We need to ditch this human-centric view of the natural world as an “asset” and recognise ourselves as part of the community of nature, not outside or above it. There is a big attitudinal change happening, and among other things, it does not support unethical, unscientific and unsustainable use of wildlife.

The ongoing campaigns against trophy hunting that some, almost always affiliated with the industry, find so loaded with emotion and lacking in evidence are anything but. Interestingly, those who engage in protecting wildlife from guns and arrows stand accused of having little understanding of the issues on the ground in Botswana, say, or Kenya. But the people there who marginalise anti-hunt activists as keyboard warriors, as bleeding heart westerners who have no wildlife and no business commenting, in fact, show very little knowledge of wildlife issues in the western world, and in the Americas in particular.

It is frustrating because of course the issues we face are strikingly similar. Our wild species too are being threatened with overhunting, habitat degradation, expanding human populations, climate change, food shortages, and damaged ecosystems.

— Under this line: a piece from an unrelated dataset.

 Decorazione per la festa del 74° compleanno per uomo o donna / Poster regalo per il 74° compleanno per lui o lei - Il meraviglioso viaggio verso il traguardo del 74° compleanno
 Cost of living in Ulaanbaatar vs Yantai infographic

Inexplicably, considering these multiple risks, we still are allowing trophy hunters to indulge their passion for prizes and trophy collecting. But that too is under scrutiny like never before, and though not without struggle and setbacks, activists are both seeking and obtaining bans.

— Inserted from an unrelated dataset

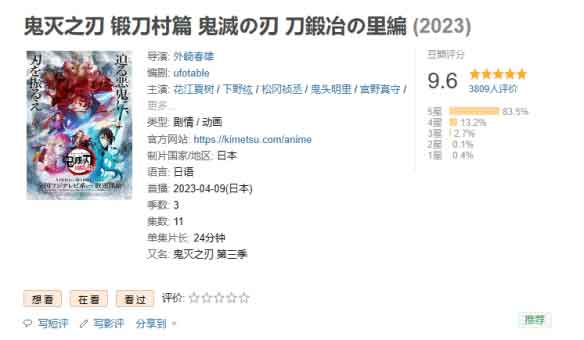 TV动画《鬼灭之刃》锻刀村篇豆瓣评分9.6分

So the opposition to the Orwellian notion of killing animals to save them is not going to go away any time soon, and in fact, is building rapidly. The overwhelming majority of people when polled not only oppose the gratuitous killing of wild animals but are repulsed by it. Every week international media remind people of what we are destroying all around us on this disastrous path we are following; we will change or we will follow other species into extinction. As for the final point in Leith Meyer’s essay, there is danger in the word balanced when discussing how to achieve conservation in complex systems. The balance is all too often weighted to human economic interests. DM

Judy Malone writes for Tourists Against Trophy Hunting, an international coalition to oppose the exploitation of wildlife everywhere.